In some Christmas Eves of our childhood, my brothers and I found our gifts a box of Sour Balls, a handmade wooden top, a piece or two of Caramel, Curly Tops, or ChocNut, a plump boiled camote inside our respective green Boy Scout socks, which our parents asked us to hang outside the window of our house for Santa Claus to notice. We were taught to believe in Santa Claus, whose plastic poster was plastered at the back of our lawanit door at home.
So, there, we did not find our gifts under the tree. But we were happy just the same. We did not ask our parents to buy us a Christmas tree. To begin with, in those days, money was hard to come by for a couple whose main source of income was tilling the land.
We didn’t have a Christmas tree but we had some of the most beautiful parols in the neighborhood. My father would fashion lanterns out of thin bamboo slats while my mother would dress up all these parols with colorful papel de hapon. There would always be an impromptu friendly competition between my mother and father as to who would make the more beautiful buntot (tails) of the parol.

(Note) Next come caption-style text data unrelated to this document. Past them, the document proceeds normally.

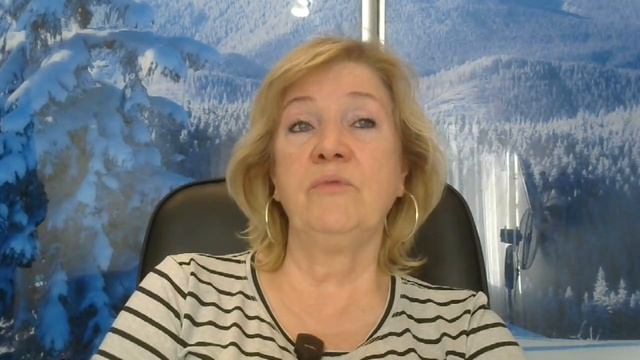 К чему снится отпуск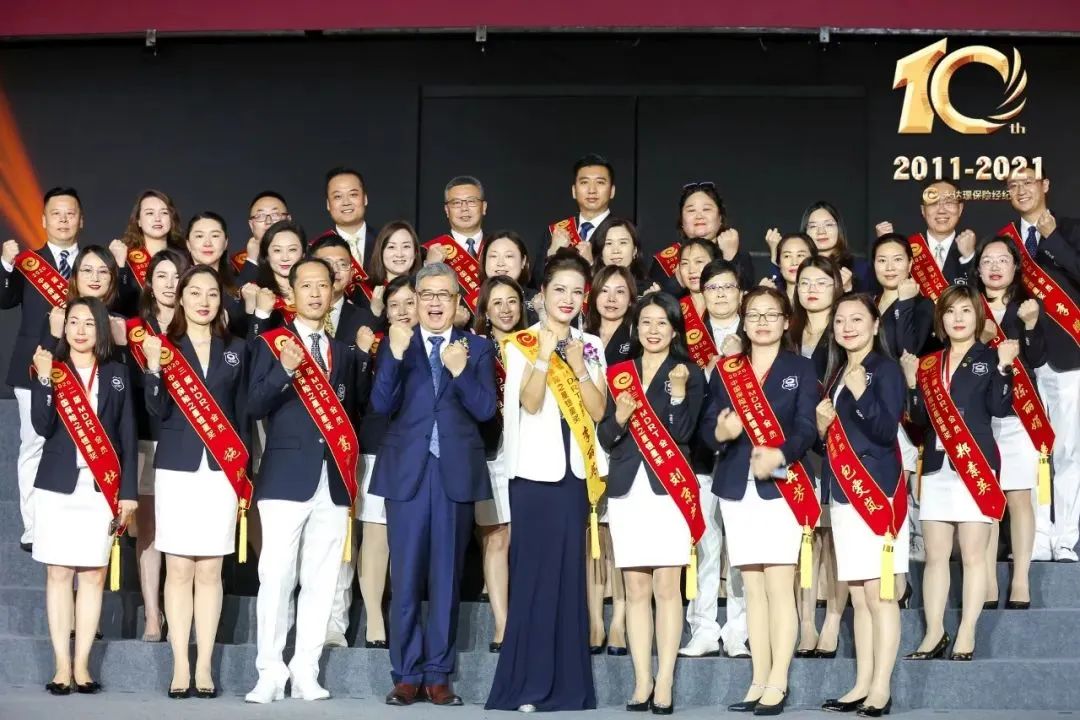 1746688456458721.jpg 微信图片_20250508151326.jpg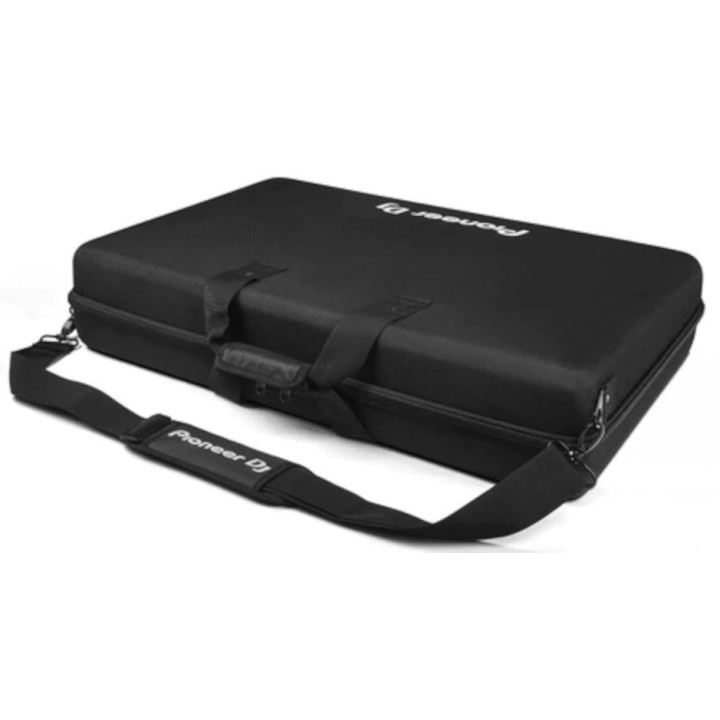 Pioneer - DJC-RX3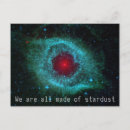 Search for science quotes postcards Astronomy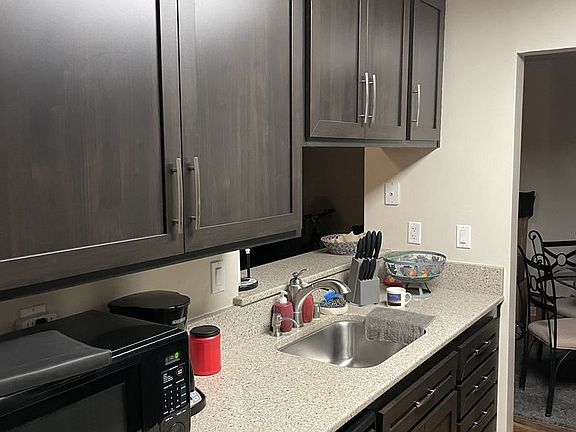 5th image of 39975 Cedar Blvd Unit 129
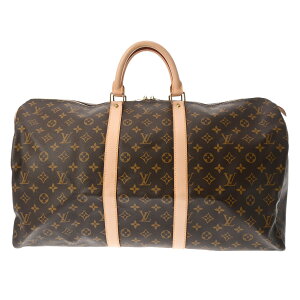ルイ・ヴィトン(LOUIS VUITTON) 中古 ボストンバッグ | 通販・人気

To this day, I still remember how these lanterns would dance while hanging at the makeshift awning of our house.
The days of want taught my whole family to have a humble and loving heart and a persevering mind that appreciates the true spirit of Christmas.
And to this day, I still feel the warmth and joy of the many past simple Christmases of my childhood even if in those days we had no Christmas tree and no gifts wrapped in gold to find at home.